Junshan Wang

Junshan Wang

Graduate Student in the School of EECS, Peking University

Two Pointers

777. Swap Adjacent in LR String

In a string composed of ‘L’, ‘R’, and ‘X’ characters, like “RXXLRXRXL”, a move consists of either replacing one occurrence of “XL” with “LX”, or replacing one occurrence of “RX” with “XR”. Given the starting string start and the ending string end, return True if and only if there exists a sequence of moves to transform one string to the other.

来源:力扣(LeetCode)
链接:https://leetcode-cn.com/problems/swap-adjacent-in-lr-string

题目有些歧义。

其实这道题的意思是,L只能向左移动,R只能向右移动。且注意到startend中的LR不能交错。

所以用两个指针p1p2,分别指向startend,遍历每一个LR,要求:

  • 两个指针指向的字母必须相同
  • 如果当前指向的是L,则p1>=p2
  • 如果当前指向的是R,则p1<=p1

如果遍历完整个字符串都满足上述要求,则返回true,否则返回false。

15. 3Sum

Given an array nums of n integers, are there elements a, b, c in nums such that a + b + c = 0? Find all unique triplets in the array which gives the sum of zero.

Note:

The solution set must not contain duplicate triplets.

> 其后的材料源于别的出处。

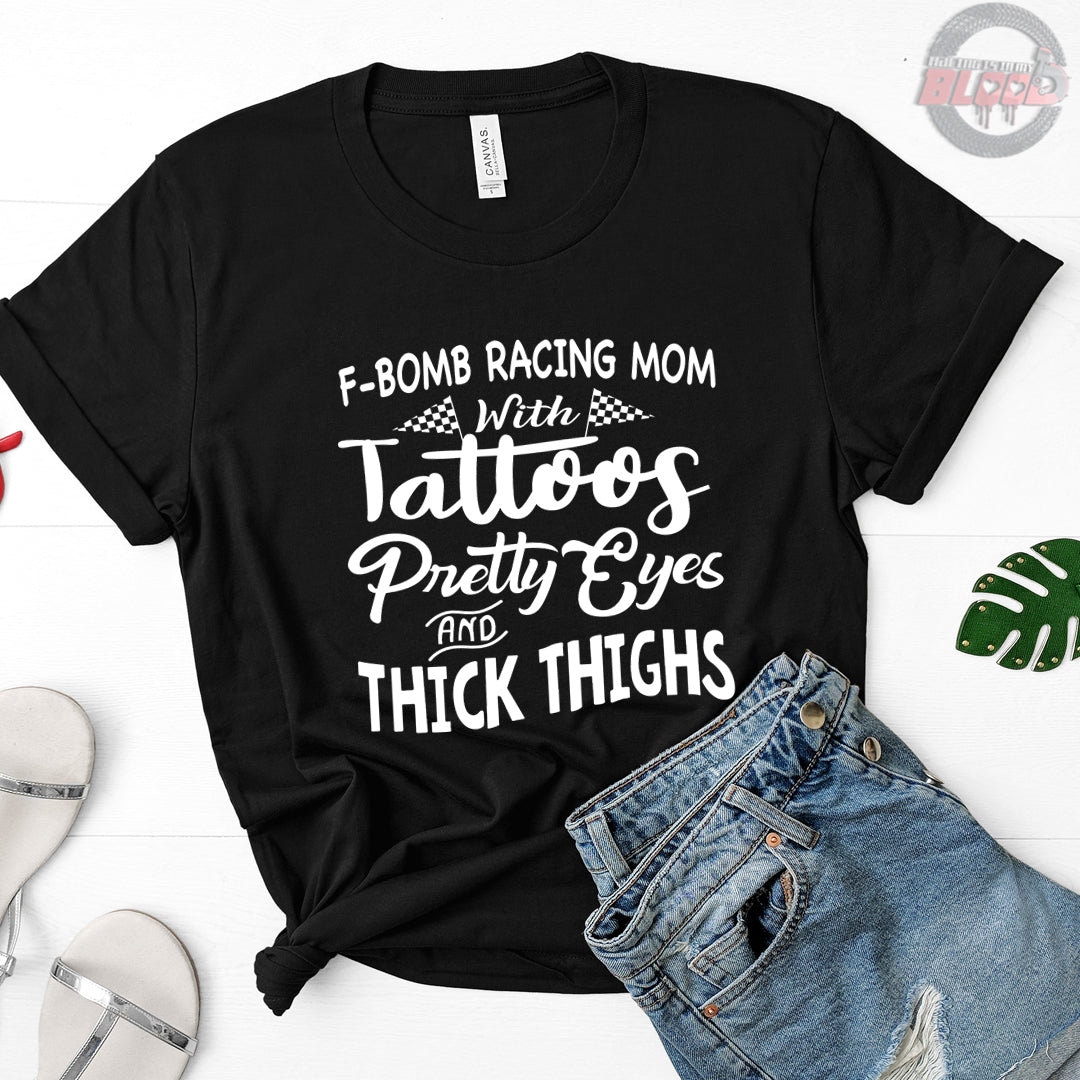 F-Bomb Racing Mom apparel collection featuring bold "Tattoos Pretty Eyes And Thick Thighs" designs on women's v-necks, racerback tanks, and cozy fleece hoodies.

2sum问题的扩展,可以简单的枚举第一个数,然后对于剩下两个数解2sum问题即可。

可以先进行排序,然后用左右指针的方法求解,排除了一些不可行的情况,复杂度降为O(n^2)。

class Solution {
public:
    vector<vector<int>> threeSum(vector<int>& nums) {
        int left, right, n = nums.size();
        vector<vector<int>> res(0);
        sort(nums.begin(), nums.end());
        for (int i = 0; i < n; ++i) {
            if (i > 0 && nums[i] == nums[i - 1]) continue;
            left = i + 1;
            right = n - 1;
            while (left < right) {
                while (left < right && nums[left] + nums[right] > - nums[i]) right--;
                if (left < right && nums[left] + nums[right] == - nums[i]) {
                    while (left < right && nums[right - 1] == nums[right]) right--;
                    res.push_back(vector<int>{nums[i], nums[left], nums[right]});
                    right--;
                }
                while (left < right && nums[left] + nums[right] < - nums[i]) left++;
                if (left < right && nums[left] + nums[right] == - nums[i]) {
                    while (left < right && nums[left + 1] == nums[left]) left++;
                    res.push_back(vector<int>{nums[i], nums[left], nums[right]});
                    left++;
                }
            }
        }
        return res;
    }
};

也可以用hash表来处理,不过考虑到不能出现重复的结果,所以还需要一些额外的考虑,所以这里简单的通过提前排序来简化问题。

class Solution {
public:
    vector<vector<int>> threeSum(vector<int>& nums) {
        int left, right, n = nums.size();
        vector<vector<int>> res(0);
        unordered_map<int, int> num2cnt;
        sort(nums.begin(), nums.end());
        for (int i = 0; i < n; ++i) {
            if (num2cnt.find(nums[i]) == num2cnt.end()) num2cnt[nums[i]] = 0;
            num2cnt[nums[i]] = i;
        }
        for (int i = 0; i < n; ++i) {
            if (i > 0 && nums[i] == nums[i - 1]) continue;
            for (int j = i + 1; j < n; ++j) {
                if (j > i + 1 && nums[j] == nums[j - 1]) continue;
                int val = 0 - nums[i] - nums[j];
                if (num2cnt.find(val) != num2cnt.end() && num2cnt[val] > j) 
                    res.push_back(vector<int>{nums[i], nums[j], val});
            }
        }
        return res;
    }
};

75. Sort Colors

Given an array with n objects colored red, white or blue, sort them in-place so that objects of the same color are adjacent, with the colors in the order red, white and blue.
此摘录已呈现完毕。